Le statistiche – Ha battuto Sassari in tre gare. Ha battuto Milano in cinque. Ha giocato quattro trasferte in questi playoff e le ha vinte tutte. Il suo ruolino di marcia è 7 vittorie e 1 sconfitta tra quarti e semifinale, simile a quello dei Warriors e identico a quello dei Cavs nella Nba. Non stiamo parlando di una squadra che sorprende. Stiamo parlando di una squadra che sta dominando. Inizialmente con la difesa, Trento è la squadra che concedeva meno punti in regular season con 72.7 e ai playoff è ulteriormente salita di tono abbassando a 70.3 di media il dato costringendo le avversarie e a tirare con il 27.8% dall’arco. Quello della Dolomiti è un meccanismo perfetto nel quale sono combinati movimenti a palla lontana a capacità individuali sopra la media. Fino a gara 3 contro Milano, l’unica sconfitta di questi playoff, viaggiava con una striscia di otto vittorie consecutive. Contro Sassari ha dominato in tre partite non segnando mai più di 75 punti. Contro Milano ne ha segnati più di 80 soltanto in gara 4 e gara 5, esplodendo offensivamente contro una squadra distrutta e spossata dal giocare ogni possesso come se fosse l’ultimo. In otto partite di playoff solo tre volte ha tirato con più del 50% da due e e solo due volte con più del 40% da tre. Significa che può dominare su due lati del campo anche con percentuali che solitamente ti costringono a faticare per stare in partita, non per vincerla. E’ un’anomalia cestistica di cui non si ha memoria nella pallacanestro recente. Ecco le medie ai playoff.

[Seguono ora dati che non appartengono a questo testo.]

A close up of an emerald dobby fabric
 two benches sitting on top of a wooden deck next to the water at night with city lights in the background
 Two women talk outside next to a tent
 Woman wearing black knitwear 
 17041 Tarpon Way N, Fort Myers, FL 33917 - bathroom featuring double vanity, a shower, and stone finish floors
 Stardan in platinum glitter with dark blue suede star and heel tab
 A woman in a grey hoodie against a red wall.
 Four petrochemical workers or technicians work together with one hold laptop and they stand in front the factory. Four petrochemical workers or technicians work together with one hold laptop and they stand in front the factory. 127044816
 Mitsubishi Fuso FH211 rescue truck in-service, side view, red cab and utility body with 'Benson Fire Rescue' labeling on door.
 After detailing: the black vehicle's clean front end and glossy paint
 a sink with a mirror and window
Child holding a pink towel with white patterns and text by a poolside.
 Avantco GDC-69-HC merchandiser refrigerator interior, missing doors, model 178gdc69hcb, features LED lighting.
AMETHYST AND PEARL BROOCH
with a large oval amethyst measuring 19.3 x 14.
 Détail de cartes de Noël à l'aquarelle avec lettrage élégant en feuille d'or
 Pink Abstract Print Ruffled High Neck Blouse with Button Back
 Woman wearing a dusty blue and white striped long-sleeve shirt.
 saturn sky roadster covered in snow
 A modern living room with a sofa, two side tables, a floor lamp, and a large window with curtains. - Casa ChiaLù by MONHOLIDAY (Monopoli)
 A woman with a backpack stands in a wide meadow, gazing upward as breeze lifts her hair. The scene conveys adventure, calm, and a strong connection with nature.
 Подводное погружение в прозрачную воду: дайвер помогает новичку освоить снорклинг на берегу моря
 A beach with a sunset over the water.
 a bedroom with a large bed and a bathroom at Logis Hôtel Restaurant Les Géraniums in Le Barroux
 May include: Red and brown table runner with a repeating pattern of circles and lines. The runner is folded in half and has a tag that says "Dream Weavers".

 Playoff Punti % da due % da tre Rimbalzi Recuperi Palle perse Valutazione
Gara 1 78 49.7% 31.3% 37.5 12.5 14.3 89.4

 

E’ una squadra appena normale a rimbalzo ma che ha un ottimo rapporto tra palle perse e recuperate e la capacità di mantenere alta la valutazione di squadra mettendo tutti gli uomini nella condizione di essere preziosi.

I protagonisti – Se volete un’idea del collettivo guardate le cifre individuali. Cinque giocatori in doppia cifra di media, Hogue, Gomes, Flaccadori, Sutton e Craft, più Shields che segue a 9.9 di media e Forray che sta a 7.9. Forse l’unico limite di Trento è una rotazione effettiva a sette uomini, corta, visto che Lechtaler è ottavo uomo a 5.6 minuti di impiego a partita. Ma è bastato per dare scacco a squadre lunghe e profonde come Sassari e Milano. Il nome più caldo è quello di Hogue, che a 14.1 punti di media aggiunge 7.8 rimbalzi di media tirando con il 58.7%, una presenza devastante in area. Gomes e Flaccadori tirano con il 57.1% e il 62.5% da due, il talento italiano aggiungendo anche il 41.4% da tre con l’80% ai liberi. Sutton è l’uomo che accende la miccia ed è quello con il più alto margine di crescita al tiro, finora solo il 17.4% dall’arco ma 4.8 rimbalzi e 1.6 recuperi a partite contro 2.4 perse. Il regista di questa macchina perfetta è Craft, 10.1 punti e 5.5 assist di media, uomo capace di controllare i ritmi meglio di qualsiasi altro play in questa stagione e diabolico difensore da 3.4 recuperi a partita, nessuno meglio di lui, contro appena 1.9 palle perse. Nessun dubbio che sia la chiave tattica di questa squadra. Forray è il simbolo di una squadra che lotta contro i pronostici e combatte su ogni pallone, impatto cresciuto enormemente in questi playoff e insieme a Flaccadori uomo che cambia l’inerzia uscendo dalla panchina. A parte le quote dei bookmakers, per quello che si è visto finora sul campo Trento è fisiologicamente favorita per la vittoria finale. L’approccio all’ultimo atto per una società del genere potrebbe essere un’incognita perché ci arriva con gli occhi puntati addosso dopo quarti e semifinali giocate di rincorsa e a fari spenti. Ma l’inerzia è tale che l’impresa più grande del nuovo millennio nel basket italiano potrebbe essere possibile.